Quantum Country: an interactive introduction to quantum computing and quantum mechanics. It requires some basic linear algebra and math knowledge, just FYI!
An Analysis of Privacy on the App Store: an in-depth breakdown of how Apple’s app privacy details are structured on the backend, as well as some aggregate statistics. Very nice of them to use clearly defined identifiers like DATA_LINKED_TO_YOU. Quick stat: The median amount of non-app data trackers in free apps is 3, compared to 0 for paid apps. Facebook? 151. Yikes.
Matt Caulfield is the founder of Oort, the company behind the Oort Cloud. Their goal is to build a decentralized security fabric that allows businesses and systems to connect safely with each other. Matt previously spent 10 years at Cisco focusing on edge computing; you might have also seen him give a talk at KubeCon on multi-cluster topologies.
What’s one productivity hack that you really love? (Automation, dotfiles tweaks, etc)
I don't know about automation - I still prefer vi and bash as my development environment - but I can think of a few techniques/habits that have had a material impact on my personal productivity...

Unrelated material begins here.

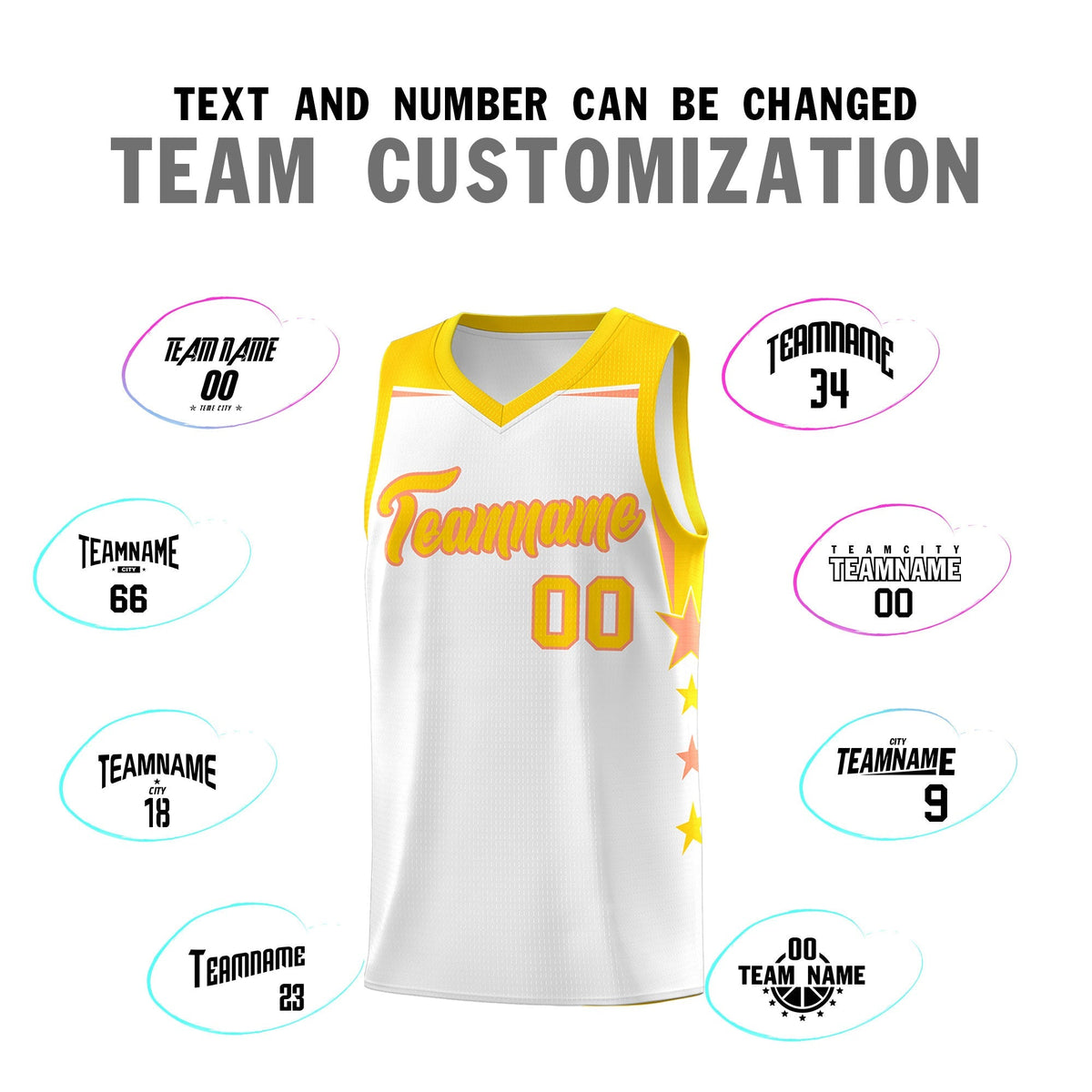 Custom Youth Basketball Uniform White Gold Two Tone Side Star Add Name Number &amp; Logo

Sunday night planning - I can't recommend this one enough. I spend Sunday afternoon or Sunday evening, before the week starts, reviewing my calendar and todo list and prioritizing my time accordingly. Sunday is also a good time to step back and think strategically - are we going in the right direction? what's working? what do we need to change? During the week I just follow my calendar. Coming from a software background, I'm inspired by the idea of committing to weekly sprints. It helps me compartmentalize what is otherwise an infinite amount of work.
Second shift - this one I would not recommend but it has had the biggest productivity upside for me. I am a night owl and there is no hour in my day (or night) that is more productive than 1 AM. I'm regularly up late to avoid the bustle and meetings of the day. I catch up on the "real work" while the world sleeps. When I was in college, my father framed an excerpt from "The Ladder of St. Augustine" that I keep in my office. The heights by great men reached and kept were not attained by sudden flight, but they, while their companions slept, were toiling upward in the night.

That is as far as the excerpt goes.